Aab is a common Farsi word. Like Punjaab is 5 waters. TezAab is acidic water. In RigVed the waters are referred as Sansrkit - Apas. The Sumerians called primeval waters as Abzu. APO is the Avestan concept of "the waters" Doaab, spit of land lying between two confluent rivers.

All the waters of the world created by Ahura Mazda originate from the source Aredvi Sura Anahita, the life-increasing, herd-increasing, fold-increasing, who makes prosperity for all countries.

As a divinity of the waters (Abaan), the yazata is of Indo-Iranian origin, according to Lommel related to Sanskrit Sarasvati that, like its Proto-Iranian equivalent Harahvati, derives from Indo-Iranian Saraswati.
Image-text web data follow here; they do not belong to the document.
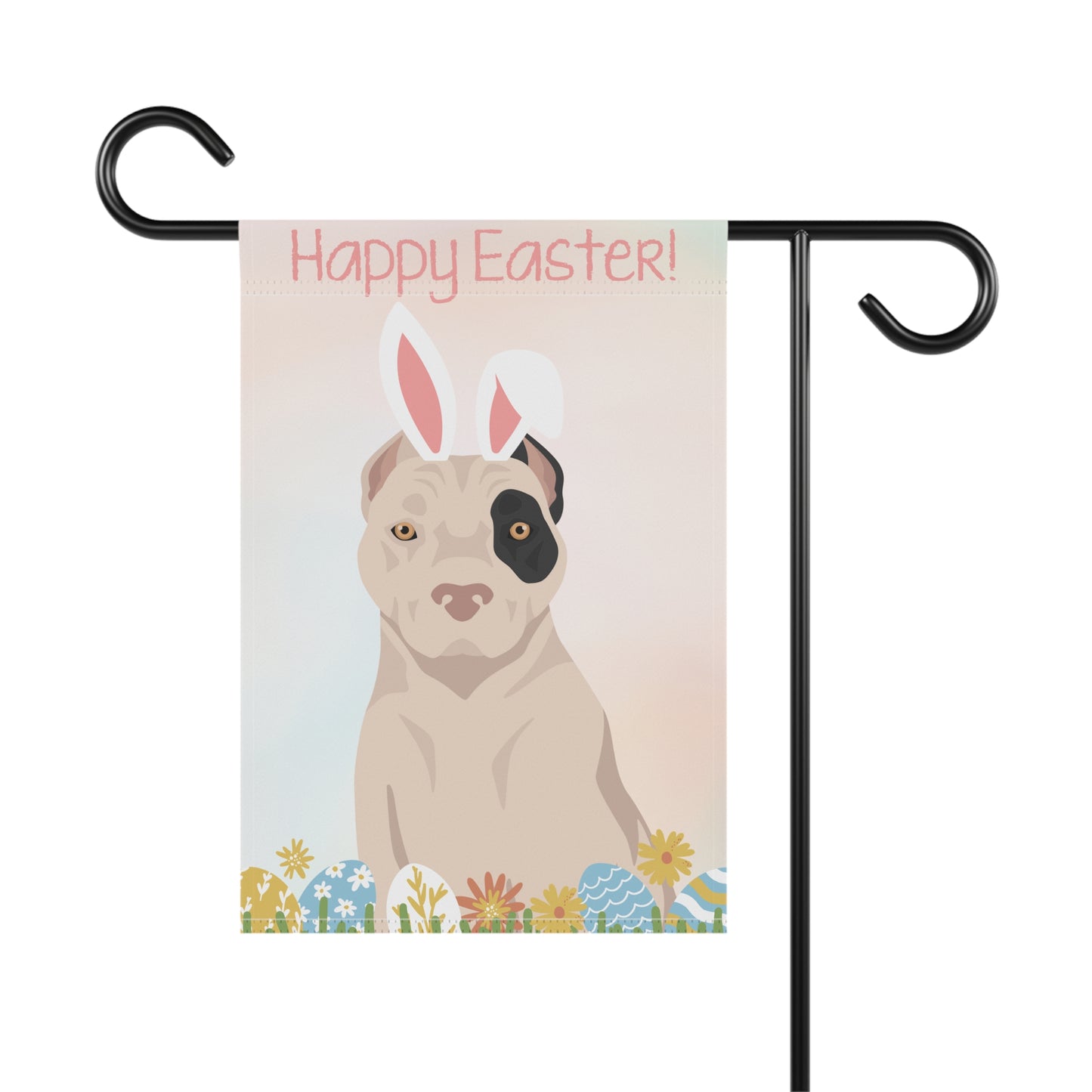 American Pitbull Terrier Dog Happy Easter Garden Flag
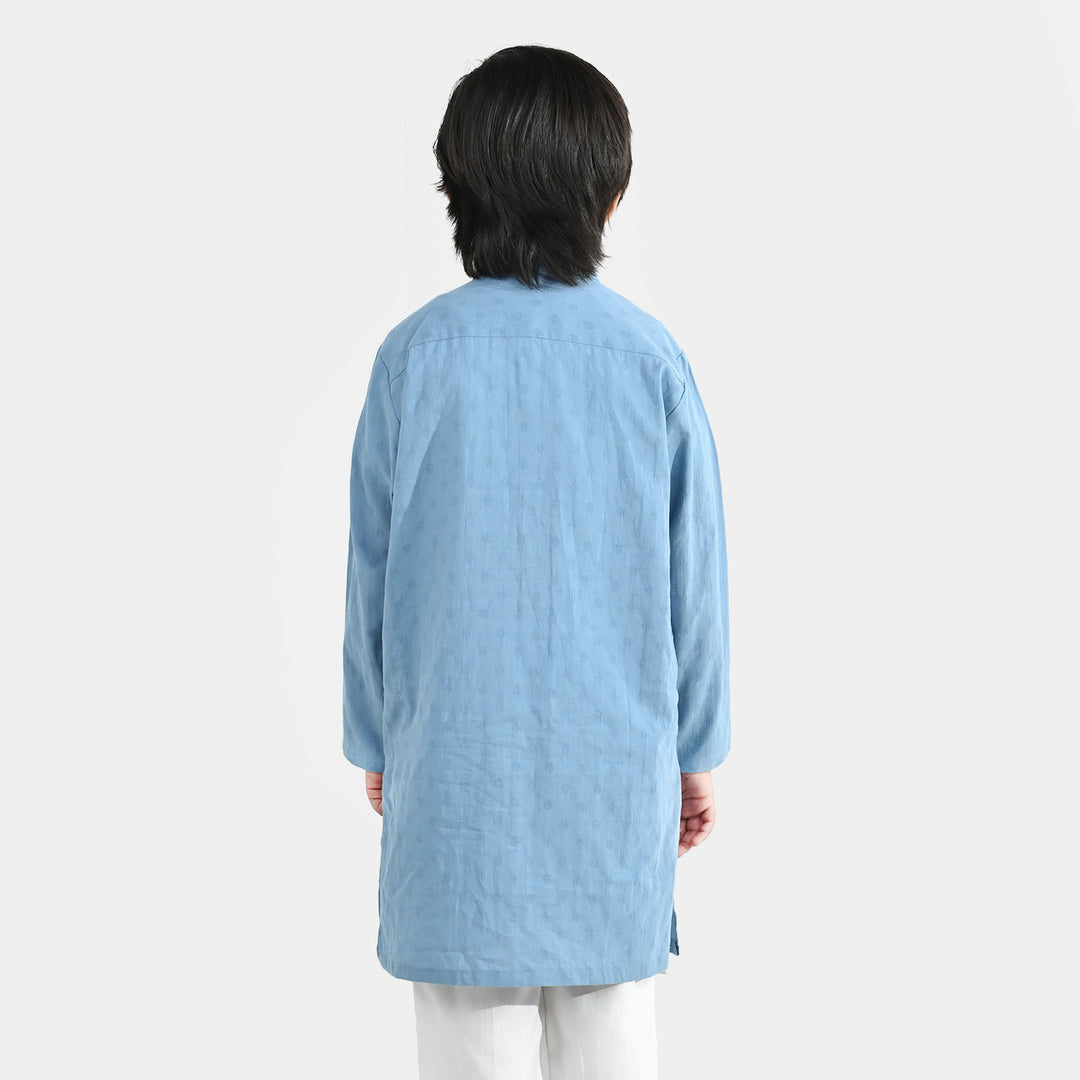 Boys Cotton Jacquard Kurta - Light Blue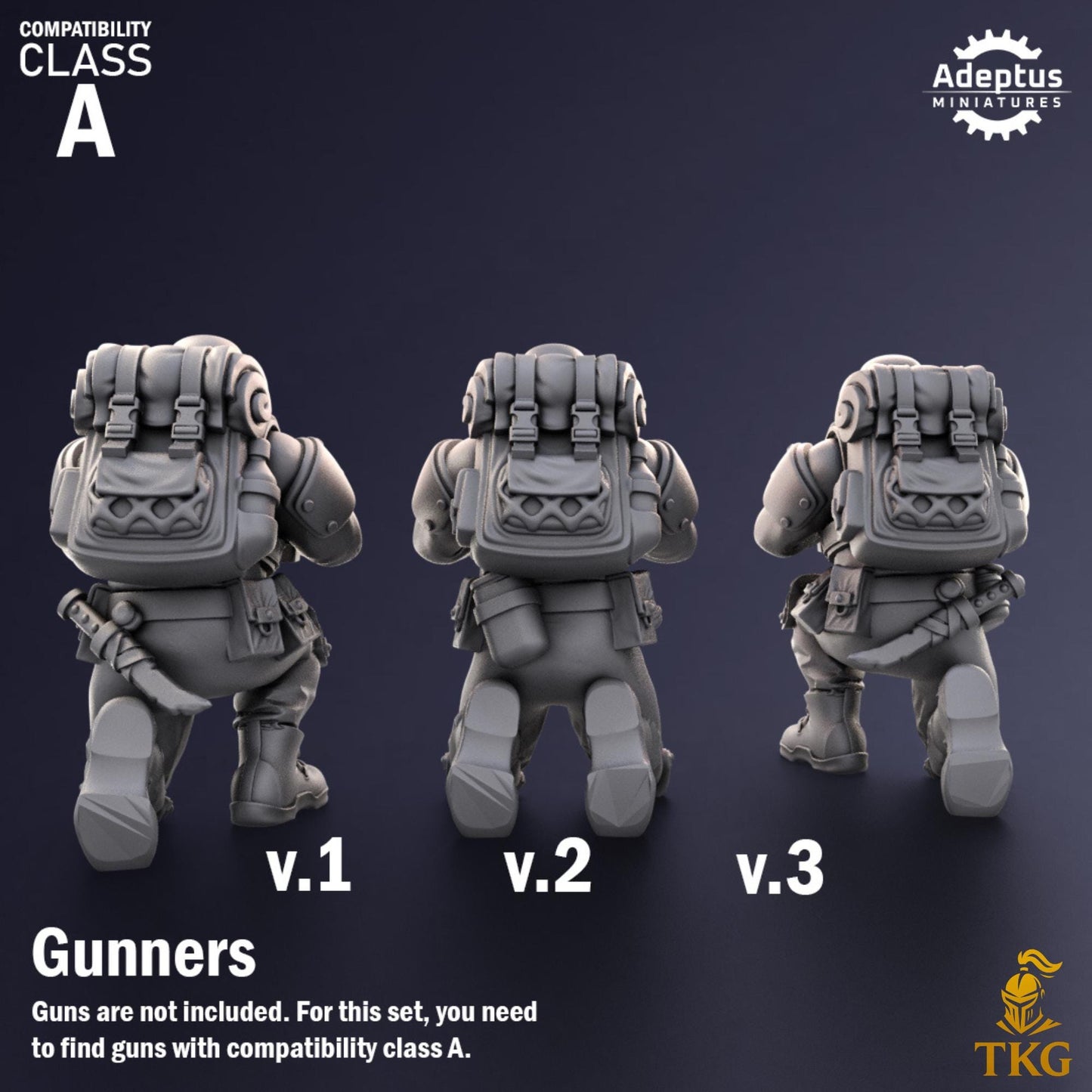 Sandshroud Batallion Heavy Weapons Operators by Adeptus Miniatures | 3D printed Tabletop Miniatures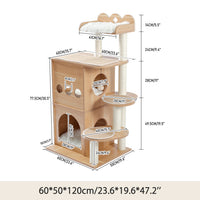 Modern Cat Tree Wooden Multi-Level Cat Tower Deeper Version Of Cat Sky Castle With 2 Cozy Condos, Luxury Perch And Interactive Dangling Balls Beige (Minimum Retail Price for US: USD 164.99)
In its old Iranian form Harahvati, "her name was given to the region, rich in rivers, whose modern capital is Delhi (Avestan Haraxvaiti Old Persian Harahuvati-, Greek Arachosia pronounced as Arakosia)." It is derived from the Goddess Sarasvati. "Like the Devi Saraswati, [Aredvi Sura Anahita] nurtures crops and herds; and is hailed both as a divinity and the mythical river that she personifies, as great in bigness as all these waters which flow forth upon the earth!

As a divinity Aredvi Sura Anahita is of enormous significance to the Zoroastrian religion, for as a representative of Aban ("the waters"), she is in effect the divinity towards whom the Yasna service – the primary act of worship – is directed. (see Ab-Zohr). "To this day reverence for water is deeply ingrained in Zoroastrians, and in orthodox communities offerings are regularly made to the household well or nearby stream.

The shrine of Bibi Shahrbanu at royal Ray (Medea) was once dedicated to Anahita. Similarly, one of the "most beloved mountain shrines of the Zoroastrians of Yazd, set beside a living spring and a great confluence of water-courses, is devoted to Banu-Pars, "the Lady of Persia"

The Armenian cult of Anahit, as well as the pre-Christian Armenian religion in general, was very closely connected to Persian Zoroastrianism, but it also had significant distinct features deriving from local pagan traditions as well as from non-Zoroastrian foreign cults. In present-day Armenia, it is remembered as part of the historical mythological heritage of the nation, and the name Anahid is a popular female given name. In 1997, the Central Bank of Armenia issued a commemorative gold coin with an image of the divinity Anahita.